Universal Studios Backlot Club

Getting people to do anything new is hard. At this point, folks are constantly inundated with apps they need to download and accounts they need to create. Forward Studio was asked to dream up a platform that connected all Universal touchpoints from amusement parks to Peacock. The question behind the Backlot Club was why would anyone actually care. The answer, for me, was personal. When I visit Universal, I go straight to the Wizarding World. I want to prove I know every spell, find every detail, collect everything Harry Potter. That feeling of wanting to go deeper into a world you already love is what the whole system was designed around.

Client

Forward Studio

Service

Experience Design

Year

2025

The design problem

The design problem

The design problem

The clear starting place for Backlot Club was at the parks, where fans are able to inhabit worlds they've grown up with from the Simpsons to Jurassic Park.

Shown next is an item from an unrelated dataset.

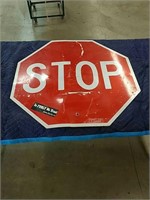 Stop red metal sign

The challenge was building a digital layer that honored that investment. We were determined to create something more meaningful than a check-in app or loyalty card. We wanted fans to feel like their knowledge, their time, and their devotion actually meant something. The harder problem was the second sign-in. How do you motivate someone who isn't already a regular park attendee to engage with something new on top of an already overwhelming day? Our answer was urgency. Make the experience feel like something happening right now that you didn't want to miss.

The system

The system

The system

I designed the core architecture of the Backlot Club including the quest structure, location-based check-ins, trivia challenges, leaderboards, collectible sets, and the reward scheduling that tied them together. All of it lived in a detailed experience design document that structured the full platform before a single screen was built. The park-based and global leaderboards were the sharpest idea in the system. Completing quests in the park put you on a leaderboard of everyone else in the park right now. That framing created stakes to the check-ins. Fans could feel like they were part of something live and time-limited. Streaks and tiered rewards extended urgency across visits, even outside the parks. The system was designed to scale as Universal added more touchpoints into the system. So quests could include actions taken on streaming services, at movie theaters, or at the parks themselves. As players complete quests, they earn IP-themed collectible sets, which gave fans a way to express their fandom: completing the full Harry Potter medallion set, hunting down a rare Sorting Hat drop, showing off a complete Hogsmeade collection to another fan. Completing it required real engagement with the rarest items requiring sustained play over time.

What success looked like

What success looked like

What success looked like

The Forward Studio Team delivered the experience design document, fully fleshed wireframes, UI design, and visual art direction. Ustwo took the system forward and built the product itself. Backlot Club debuted at Halloween Horror Nights 2025, launching simultaneously at Universal Orlando and Universal Studios Hollywood. Guests collected digital medallions tied to haunted houses and scare zones, with rewards including limited-edition physical trading cards redeemable in-park. The parks are full of people who have memorized every line in the movies. They are looking for new ways in. Backlot Club was designed to meet them there and to say that their knowledge matters here, their collection is worth something, and there's always more to find.